(What to do): Look in the listing below for the line that has "A spacious hallway", then return it and each following line up to and including the one with "Armazém de maturação", exactly and without pictures.
------
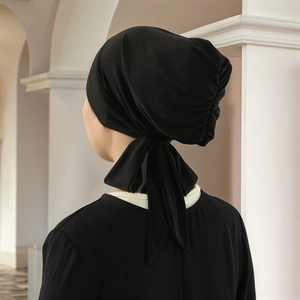 Detail view of the pleated back and long adjustable ties of the black turban hat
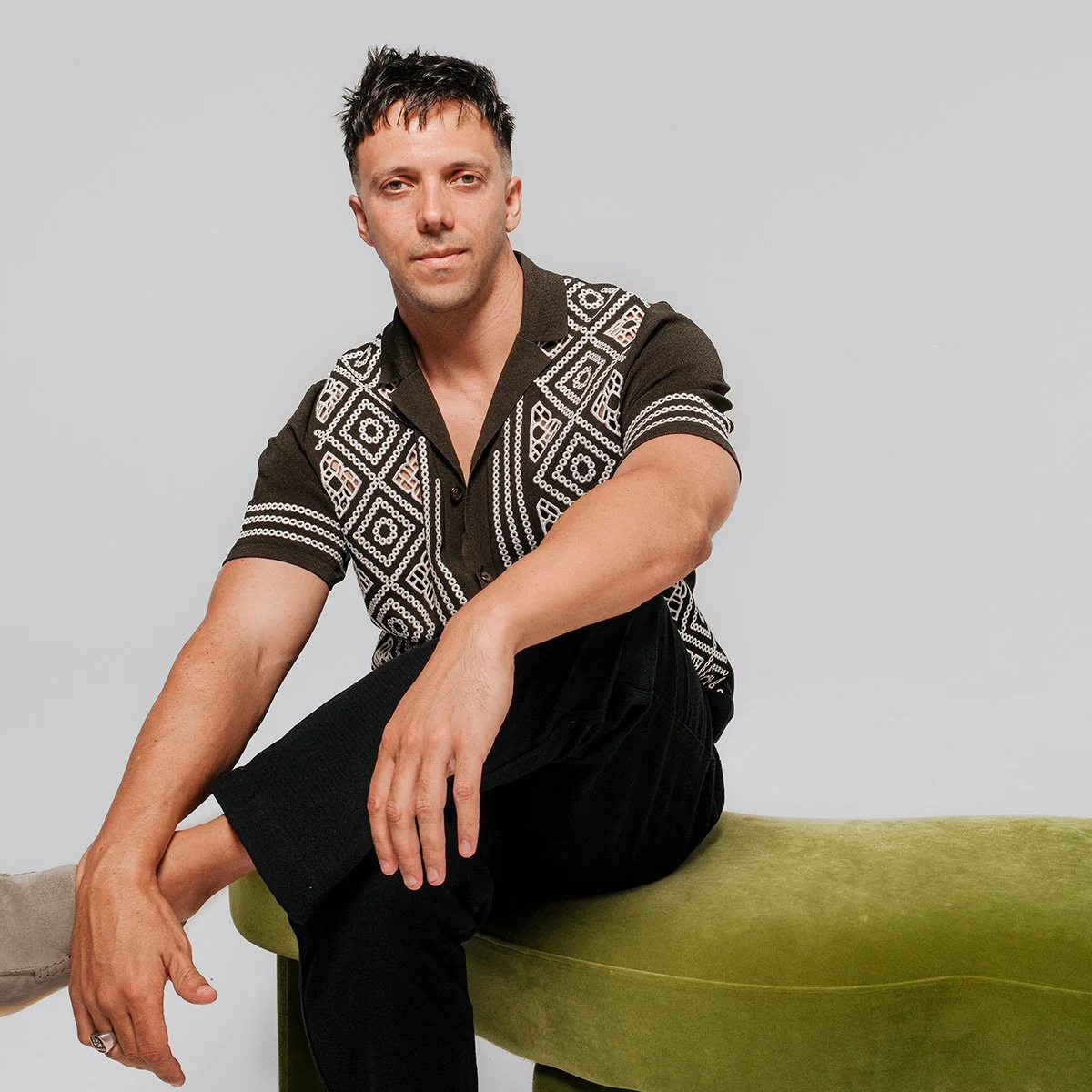 Man sitting on green bench wearing patterned shirt and black pants, against a gray background.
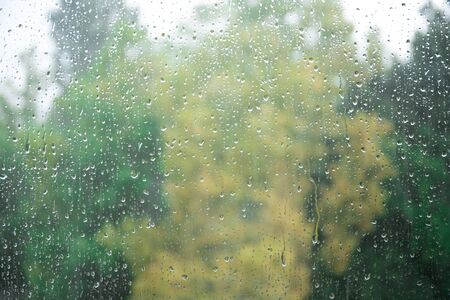 raindrops on glass, on a background of clouds. Green treesの写真素材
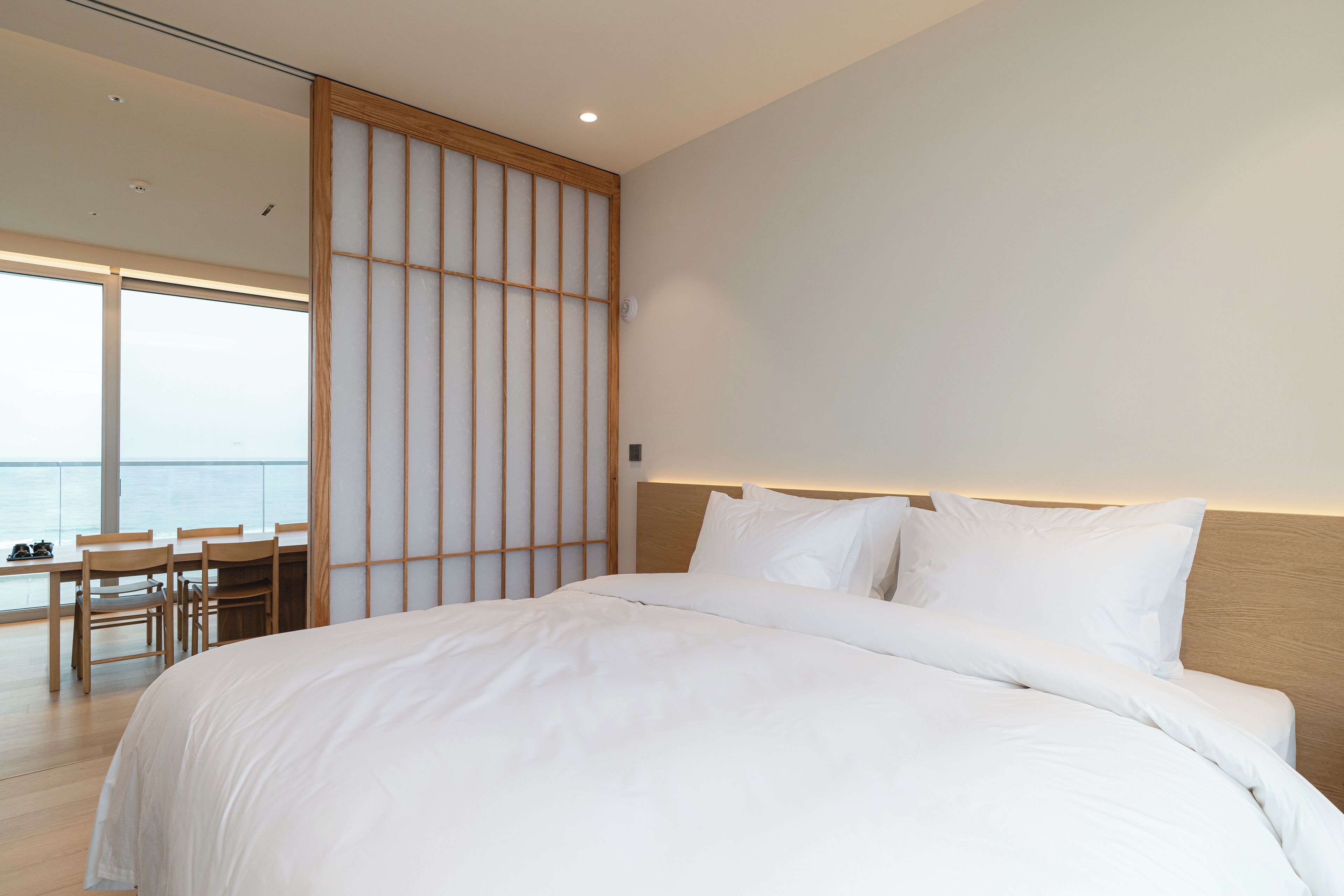 A modern hotel room with a large bed, a wooden desk, and a view of the sea.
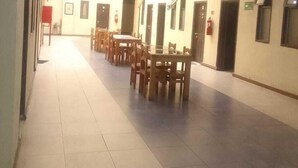 A spacious hallway with multiple wooden tables and chairs, a fire extinguisher, and a staircase. - edificio catedral (Santiago)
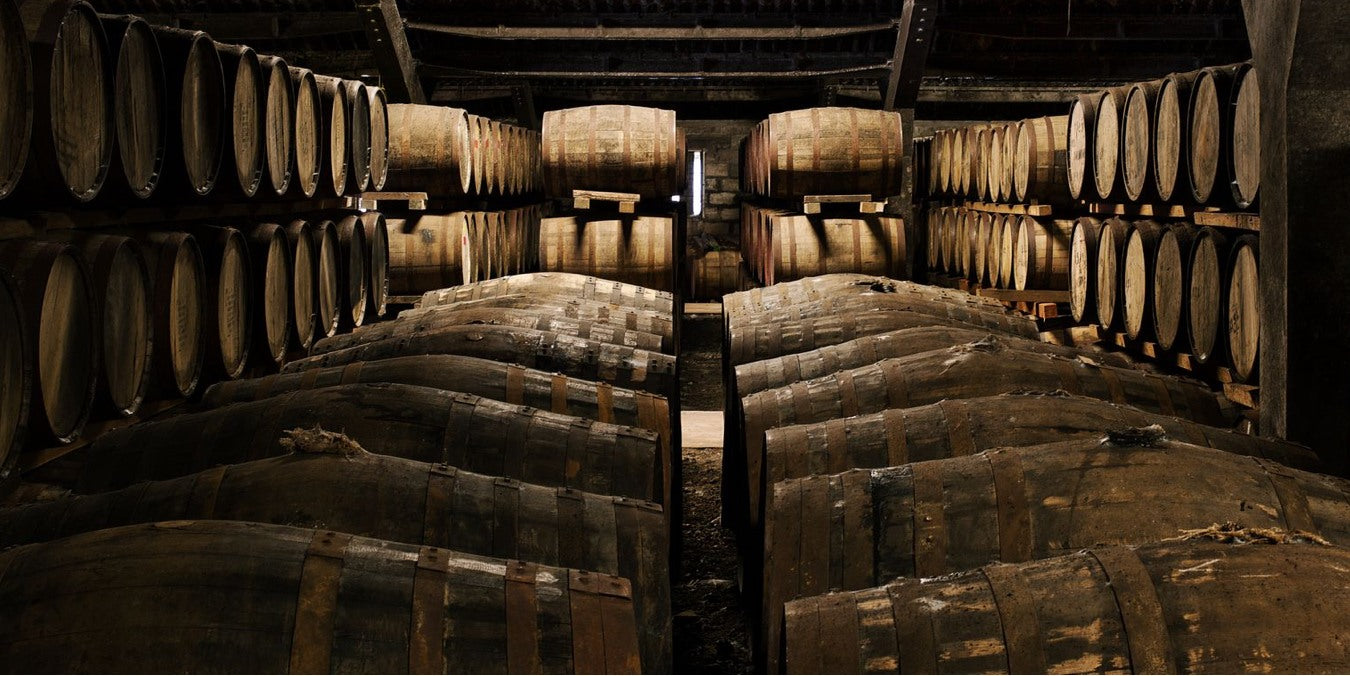 Armazém de maturação da destilaria The Dalmore, com fileiras de barricas de carvalho empilhadas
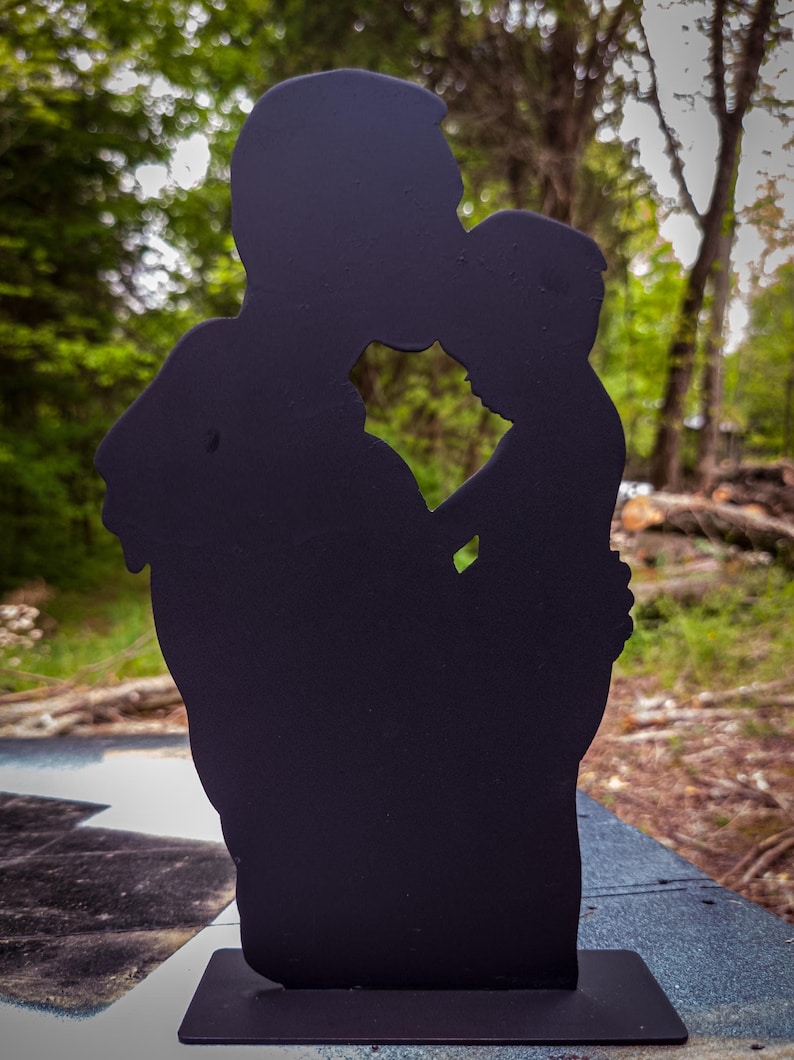 Pu&ograve; includere: Silhouette in metallo nero di un genitore che tiene un bambino. La silhouette &egrave; ritagliata a forma di genitore e figlio che si abbracciano.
------
(Your response):
 A spacious hallway with multiple wooden tables and chairs, a fire extinguisher, and a staircase. - edificio catedral (Santiago)
 Armazém de maturação da destilaria The Dalmore, com fileiras de barricas de carvalho empilhadas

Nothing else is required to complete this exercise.